间非一怔,连腹中绞痛也有些忘记了,低声道:“臣生性鲁钝,时时惹皇上动怒,罪该万死。”
夏侯醇叹道:“朕自登基以来,便想寻一位与朕政见相合的得力辅臣,可是朝中老臣个个因循守旧,僵化冥顽,更有人拿了那张凤仁写的什么前辙鉴来跟朕说,那上面的说的为君十诫,朕竟然占了七条。”
他手仍在间非小腹轻轻地揉搓着,继续说道:“那张凤仁是什么人?可笑这些人一时拿了他来弹骇你,道你是他的弟子。一时又拿了他胡说八道的书来劝谰朕。哼,当朕好生糊涂么?”
说到这里,看了看间非道:“你老实跟朕说,你识得这张凤仁么?”
间非腹中疼痛已经慢慢缓解,想要起身答话,夏侯醇按住他道:“身上不好,就躺着说罢。”
“臣是读过他的书,但委实不识得此人。”
“朕想也是,张凤仁在贺兰案发前便死了,至今也二十年了,你那时尚未出世,从何识得?”

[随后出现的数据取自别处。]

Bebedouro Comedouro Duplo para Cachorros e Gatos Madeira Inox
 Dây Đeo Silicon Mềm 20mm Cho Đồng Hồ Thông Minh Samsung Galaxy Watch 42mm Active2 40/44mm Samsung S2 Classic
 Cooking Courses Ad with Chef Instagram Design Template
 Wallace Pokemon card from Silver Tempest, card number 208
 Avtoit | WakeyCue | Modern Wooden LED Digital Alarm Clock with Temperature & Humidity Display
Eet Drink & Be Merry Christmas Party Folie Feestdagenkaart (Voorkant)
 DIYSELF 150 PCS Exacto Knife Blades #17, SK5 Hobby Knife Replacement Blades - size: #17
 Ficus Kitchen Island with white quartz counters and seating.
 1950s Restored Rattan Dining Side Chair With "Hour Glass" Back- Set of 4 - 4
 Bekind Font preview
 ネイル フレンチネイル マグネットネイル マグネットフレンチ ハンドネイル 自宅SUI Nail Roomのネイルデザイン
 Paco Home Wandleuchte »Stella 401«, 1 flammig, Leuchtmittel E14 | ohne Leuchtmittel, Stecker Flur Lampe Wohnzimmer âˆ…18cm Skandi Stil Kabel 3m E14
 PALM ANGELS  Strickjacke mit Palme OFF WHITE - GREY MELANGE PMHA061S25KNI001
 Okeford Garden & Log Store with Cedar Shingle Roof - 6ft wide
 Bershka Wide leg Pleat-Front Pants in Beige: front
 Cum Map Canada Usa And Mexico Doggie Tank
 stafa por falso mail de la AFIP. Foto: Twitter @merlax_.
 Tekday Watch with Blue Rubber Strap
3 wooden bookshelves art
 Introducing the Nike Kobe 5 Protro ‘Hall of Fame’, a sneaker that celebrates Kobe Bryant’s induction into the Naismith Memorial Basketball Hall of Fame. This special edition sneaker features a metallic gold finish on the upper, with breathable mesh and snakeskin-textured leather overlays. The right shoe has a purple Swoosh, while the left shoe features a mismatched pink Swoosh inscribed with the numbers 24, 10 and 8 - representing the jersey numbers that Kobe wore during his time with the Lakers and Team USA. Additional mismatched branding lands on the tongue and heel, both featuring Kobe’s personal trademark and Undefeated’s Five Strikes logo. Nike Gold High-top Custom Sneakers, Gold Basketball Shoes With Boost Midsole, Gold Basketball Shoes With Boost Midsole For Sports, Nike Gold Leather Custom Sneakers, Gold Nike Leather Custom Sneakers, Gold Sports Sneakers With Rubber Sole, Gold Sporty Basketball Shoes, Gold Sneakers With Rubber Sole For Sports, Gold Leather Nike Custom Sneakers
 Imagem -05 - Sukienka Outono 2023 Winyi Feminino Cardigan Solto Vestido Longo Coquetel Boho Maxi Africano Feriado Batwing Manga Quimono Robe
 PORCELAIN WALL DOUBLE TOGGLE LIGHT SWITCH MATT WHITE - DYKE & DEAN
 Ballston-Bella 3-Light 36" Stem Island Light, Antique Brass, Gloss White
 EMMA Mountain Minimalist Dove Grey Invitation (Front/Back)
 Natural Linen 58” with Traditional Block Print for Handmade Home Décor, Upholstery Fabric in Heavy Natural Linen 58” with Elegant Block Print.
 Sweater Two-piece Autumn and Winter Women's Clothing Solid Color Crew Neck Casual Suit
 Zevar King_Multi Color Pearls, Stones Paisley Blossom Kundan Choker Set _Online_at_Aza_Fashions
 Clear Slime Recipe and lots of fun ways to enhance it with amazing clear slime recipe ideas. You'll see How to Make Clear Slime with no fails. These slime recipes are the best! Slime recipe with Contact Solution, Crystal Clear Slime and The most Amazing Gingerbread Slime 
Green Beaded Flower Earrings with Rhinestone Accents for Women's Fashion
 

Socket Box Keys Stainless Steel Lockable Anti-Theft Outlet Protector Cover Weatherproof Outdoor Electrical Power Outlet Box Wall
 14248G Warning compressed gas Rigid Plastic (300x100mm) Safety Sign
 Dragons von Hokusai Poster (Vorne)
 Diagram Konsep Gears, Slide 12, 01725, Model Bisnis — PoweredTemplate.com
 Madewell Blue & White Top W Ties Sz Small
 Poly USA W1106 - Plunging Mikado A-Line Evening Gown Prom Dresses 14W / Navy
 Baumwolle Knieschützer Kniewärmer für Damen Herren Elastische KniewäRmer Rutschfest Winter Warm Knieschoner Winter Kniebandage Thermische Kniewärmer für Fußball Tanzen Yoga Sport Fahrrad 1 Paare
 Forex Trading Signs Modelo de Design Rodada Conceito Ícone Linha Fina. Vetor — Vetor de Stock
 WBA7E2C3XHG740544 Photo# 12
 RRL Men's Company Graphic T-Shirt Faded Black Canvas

间非沉默不语,目光却突然黯淡下去,夏侯醇眼望窗外,并没在意,心中却上下翻腾。太祖皇帝以武力得天下,鉴于前朝藩镇割据,武将拥兵自重,一开国便逐步削夺诸将兵权,对位高权重的武将大开杀戒,贺兰一案更是杀人如麻,受此案牵连之人竟达万人之众。如此清理下来,固然再无武力割据之忧,却也因此朝中无良将可用,边关战事便颇受牵制。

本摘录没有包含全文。